• _RECORDED INFORMATION_
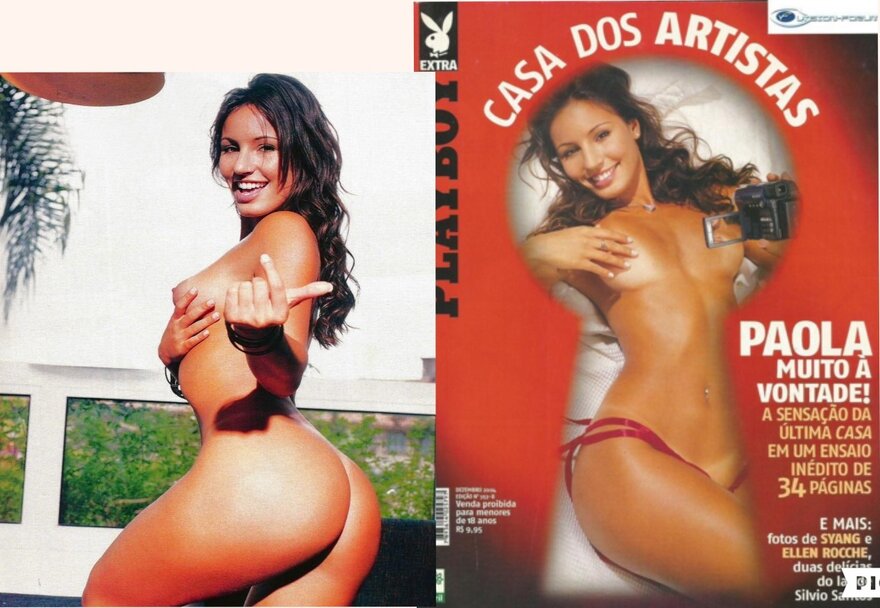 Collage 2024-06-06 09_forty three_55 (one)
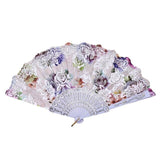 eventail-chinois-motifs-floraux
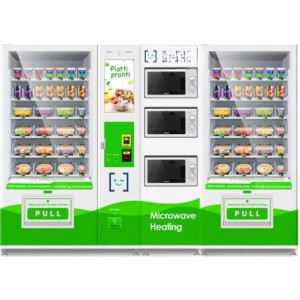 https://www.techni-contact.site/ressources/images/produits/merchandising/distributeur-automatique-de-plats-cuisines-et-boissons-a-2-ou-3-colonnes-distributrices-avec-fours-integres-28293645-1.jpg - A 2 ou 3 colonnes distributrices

• _WORK TASK_
Write the listing out exactly, word for word, but omit the pictures.

• _ANSWER SECTION_
 Collage 2024-06-06 09_forty three_55 (one)
 eventail-chinois-motifs-floraux
 https://www.techni-contact.site/ressources/images/produits/merchandising/distributeur-automatique-de-plats-cuisines-et-boissons-a-2-ou-3-colonnes-distributrices-avec-fours-integres-28293645-1.jpg - A 2 ou 3 colonnes distributrices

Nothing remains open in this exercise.